Ryan was shocked that her fellatio sequence caused anger – she liked the guy! She also wanted to go home early. But it exposed something larger: a deliberate rigidity around sex, a sense that the cost of the #MeToo movement was demonstrative chastity. “I’ve always found this interesting, in discussions about sex, permission and manipulation, the people who fail to grasp the subtlety of it. Therefore if this is abuse, why isn’t that abuse?” She brings up the linking of certain remarks to lyrics in popular music. “Certain people said: ‘Well, how’s that distinct?’ I thought: ‘How is it similar?’”

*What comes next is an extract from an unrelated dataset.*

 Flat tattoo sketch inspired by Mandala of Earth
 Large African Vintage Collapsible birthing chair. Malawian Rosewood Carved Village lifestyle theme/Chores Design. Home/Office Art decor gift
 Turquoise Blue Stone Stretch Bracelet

She would not have relocated to London in 2008 had it not been for her partner at the time. “Everyone said: ‘Don’t go to London, they have vermin there.’ And I found it difficult, because I was instantly struggling.”

‘I was aware I had comedy’

She got a job in business, was found to have lupus, which can sometimes make it challenging to get pregnant, and at 23, decided to try to have a baby. “When you’re first told you have something – I was quite sick at the time – you go to the worst-case scenario. My reasoning with my boyfriend was, we’ve had so many ups and downs, if we haven’t split up by now, we never will. Now I see how lengthy life is, and how many things can change. But at 23, I was unaware.” She was able to get pregnant and had Violet.

The subsequent chapter sounds as high-pressure as a classic comedy film. While on maternity leave, she would take care of Violet in the day and try to enter standup in the evening, bringing her daughter with her. She felt from her sales job that she had no problem being convincing, and she had faith in her quickfire wit from her time at Hooters; more than that, she says bluntly, “I was confident I had comedy.” The whole circuit was shot through with discrimination – she won a prestigious comedy award in 2008, just over a year after she’d started performing, a prize that was created in the context of a persistent debate about whether women could be funny

Ashley Buchanan
Ashley Buchanan

A passionate gamer and writer specializing in strategy guides and game analysis.